Seniman Ondel-ondel Murni Tetap Harus Dibina

Seniman Ondel-ondel Murni Tetap Harus Dibina
Penggunaan atribut ondel-ondel untuk mengamen di Kramat Raya, Jakarta Pusat (Askara/Dhika Alam Noor)

ASKARA - Pemerintah Provinsi DKI Jakarta akan menindak penggunaan atribut ondel-ondel untuk kegiatan mengamen. 

Menyusul kesepakatan bersama dengan sejumlah organisasi masyarakat Betawi. Namun muncul berbagai tanggapan sejumlah pihak.

Lembaga Kebudayaan Betawi (LKB) menjadi salah satu ormas yang menyetujui wacana penindakan dan pelarangan penggunaan ondel-ondel untuk mengamen. Lantaran cara mereka dinilai merendahkan dan menghina jenis kesenian asli Betawi tersebut.

"Tidak mengindahkan tata krama dan pakem yang ada. Tidak menggunakan atribut yang sesuai pakem," ujar Wakil Ketua Bidang Pelestarian dan Pengembangan LKB Yahya Andi Saputra saat dihubungi, Rabu (26/2).

Menurutnya, sebagian besar pengamen ondel-ondel bukanlah seniman ondel-ondel murni. Mereka dikoordinir oknum tertentu melakukan komersialisasi untuk mendapat keuntungan dari salah satu kearifan lokal Betawi.

"Mereka menghina diri sendiri dengan ngamen seperti pengemis. Mereka tidak hirau terhadap keselamatan diri sendiri karena ngamen di kawasan jalan raya padat lalu lintas," jelas Yahya. 

Belum lagi di antara mereka adalah anak-anak, biasanya mengamen sampai tengah malam. Penampilannya pun terkadang tidak sesuai dengan budaya Betawi sehingga kurang elok dipandang mata. 

"Yang ngamen itu anak-anak di bawah umur, bahkan ngamen sampai pukul 23.00 malam. Itulah yang wajib ditertibkan dan diambil tindakan tegas," kata Yahya. 

"Seharusnya menggunakan seragam lengkap, sepasang ondel-ondel (bersih), iringan musik hidup lengkap. Ini yang benar," tambahnya. 
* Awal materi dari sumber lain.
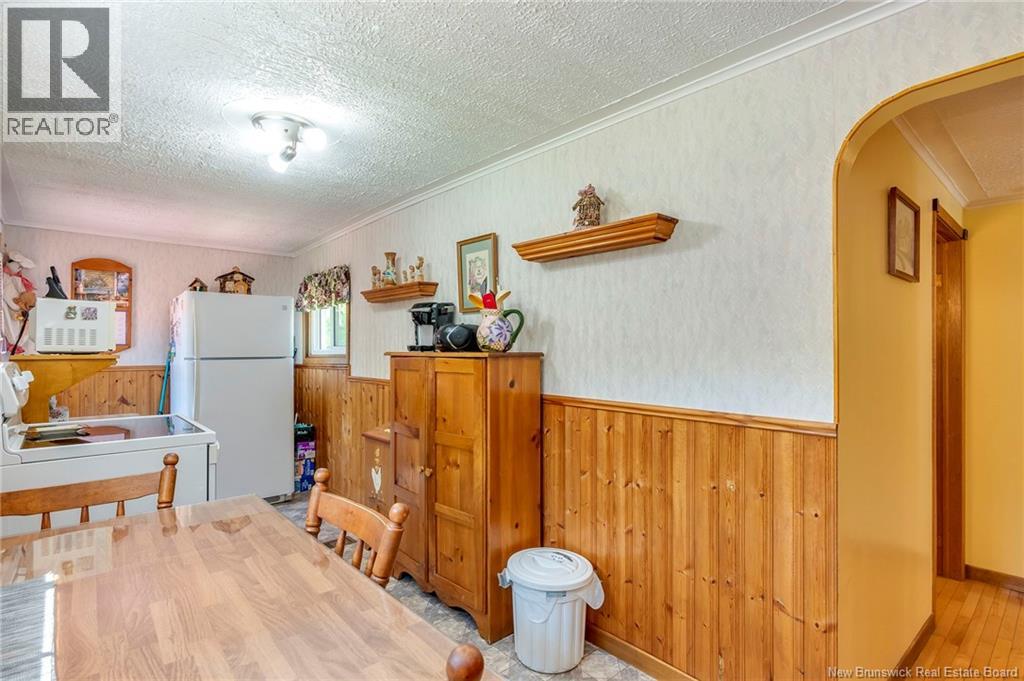 3066 Loch Lomond Road - Image 9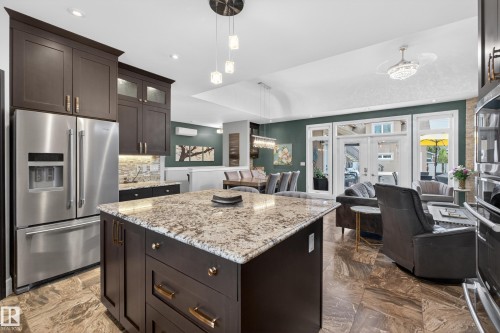 30 Belmont Drive, St. Albert, AB - Indoor Photo Showing Kitchen With Upgraded Kitchen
Tentu mereka memuliakan dan menghormati kearifan lokal Betawi. Dengan demikian ini yang bisa disebut sebagai seniman ondel-ondel murni yang harus bisa dikasih pembinaan. 

"Kalau seniman murni harus terus dibina dan diberi peluang terus main di tempat-tempat yang diizinkan," tutur Yahya. 

Mengingat tempat untuk kreasi seni penampilan ondel-ondel sudah tersedia, salah satunya di Perkampungan Budaya Betawi Setu Babakan, Jakarta Selatan.

"Sering tampil, hampir tiap minggu," beber Yahya. 

Mantan Ketua Dewan Kesenian Jakarta (DKJ) Noorca M. Massardi mengaku prihatin melihat ondel-ondel dipakai untuk mengamen. Bahkan mereka kerap menyewa angkutan umum untuk membawa atribut tersebut.

Tentu itu membutuhkan biaya cukup besar. Namun, jika rencana pelarangan dan penindakan penggunaan ondel-ondel untuk mengamen dinilainya kurang tepat. 

"Tapi kalau dilarang dan menindak mereka rencananya akan dilakukan menurut saya kurang bijaksana," katanya. 

Seharusnya mereka bisa diapresiasi terlebih dulu karena punya ide menampilkan ikon ondel-ondel sebagai cara menarik perhatian banyak orang. Menyoal mereka meminta jasa itu tidak bisa dilarang. Pasalnya merupakan hak hidup dalam mencari pendapatan. 

"Alasan bijaksananya justru kepala dinas pariwisata atau ormas Betawi ini mendukung mereka karena atas inisiatif pribadi, ongkos angkutnya tidak murah," imbuh Noorca.